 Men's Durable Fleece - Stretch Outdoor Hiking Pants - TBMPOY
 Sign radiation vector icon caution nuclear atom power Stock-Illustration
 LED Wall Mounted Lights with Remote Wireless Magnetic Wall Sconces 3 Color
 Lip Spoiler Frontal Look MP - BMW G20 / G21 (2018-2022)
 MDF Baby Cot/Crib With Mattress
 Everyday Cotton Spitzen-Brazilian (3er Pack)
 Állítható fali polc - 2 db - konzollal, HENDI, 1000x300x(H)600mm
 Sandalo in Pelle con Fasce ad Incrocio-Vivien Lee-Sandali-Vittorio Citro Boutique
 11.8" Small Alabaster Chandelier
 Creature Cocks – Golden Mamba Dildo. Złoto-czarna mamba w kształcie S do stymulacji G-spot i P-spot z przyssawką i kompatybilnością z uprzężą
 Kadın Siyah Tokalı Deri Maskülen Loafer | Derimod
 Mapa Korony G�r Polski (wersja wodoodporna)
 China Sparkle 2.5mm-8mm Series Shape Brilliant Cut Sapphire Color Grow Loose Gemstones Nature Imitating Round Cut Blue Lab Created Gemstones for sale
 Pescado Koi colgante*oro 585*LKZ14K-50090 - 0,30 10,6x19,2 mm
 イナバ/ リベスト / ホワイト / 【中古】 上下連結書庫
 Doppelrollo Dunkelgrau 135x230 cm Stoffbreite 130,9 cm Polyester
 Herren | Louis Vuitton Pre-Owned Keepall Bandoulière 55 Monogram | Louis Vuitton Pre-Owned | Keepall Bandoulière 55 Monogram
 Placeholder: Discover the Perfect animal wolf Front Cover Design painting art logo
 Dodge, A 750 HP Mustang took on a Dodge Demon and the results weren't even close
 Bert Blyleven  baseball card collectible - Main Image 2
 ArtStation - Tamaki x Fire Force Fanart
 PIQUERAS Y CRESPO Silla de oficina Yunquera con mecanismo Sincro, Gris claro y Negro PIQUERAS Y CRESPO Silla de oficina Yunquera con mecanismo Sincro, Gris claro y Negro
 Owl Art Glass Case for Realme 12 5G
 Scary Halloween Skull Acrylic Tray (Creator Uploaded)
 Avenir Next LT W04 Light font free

------

WHAT TO PRODUCE ▸ Take the listing above and repeat exactly the lines from the one containing "Sign radiation vector" through the one containing "Owl Art Glass Case for Realme 12 5G", both included.

OUTPUT BELOW ▸
 Sign radiation vector icon caution nuclear atom power Stock-Illustration
 LED Wall Mounted Lights with Remote Wireless Magnetic Wall Sconces 3 Color
 Lip Spoiler Frontal Look MP - BMW G20 / G21 (2018-2022)
 MDF Baby Cot/Crib With Mattress
 Everyday Cotton Spitzen-Brazilian (3er Pack)
 Állítható fali polc - 2 db - konzollal, HENDI, 1000x300x(H)600mm
 Sandalo in Pelle con Fasce ad Incrocio-Vivien Lee-Sandali-Vittorio Citro Boutique
 11.8" Small Alabaster Chandelier
 Creature Cocks – Golden Mamba Dildo. Złoto-czarna mamba w kształcie S do stymulacji G-spot i P-spot z przyssawką i kompatybilnością z uprzężą
 Kadın Siyah Tokalı Deri Maskülen Loafer | Derimod
 Mapa Korony G�r Polski (wersja wodoodporna)
 China Sparkle 2.5mm-8mm Series Shape Brilliant Cut Sapphire Color Grow Loose Gemstones Nature Imitating Round Cut Blue Lab Created Gemstones for sale
 Pescado Koi colgante*oro 585*LKZ14K-50090 - 0,30 10,6x19,2 mm
 イナバ/ リベスト / ホワイト / 【中古】 上下連結書庫
 Doppelrollo Dunkelgrau 135x230 cm Stoffbreite 130,9 cm Polyester
 Herren | Louis Vuitton Pre-Owned Keepall Bandoulière 55 Monogram | Louis Vuitton Pre-Owned | Keepall Bandoulière 55 Monogram
 Placeholder: Discover the Perfect animal wolf Front Cover Design painting art logo
 Dodge, A 750 HP Mustang took on a Dodge Demon and the results weren't even close
 Bert Blyleven  baseball card collectible - Main Image 2
 ArtStation - Tamaki x Fire Force Fanart
 PIQUERAS Y CRESPO Silla de oficina Yunquera con mecanismo Sincro, Gris claro y Negro PIQUERAS Y CRESPO Silla de oficina Yunquera con mecanismo Sincro, Gris claro y Negro
 Owl Art Glass Case for Realme 12 5G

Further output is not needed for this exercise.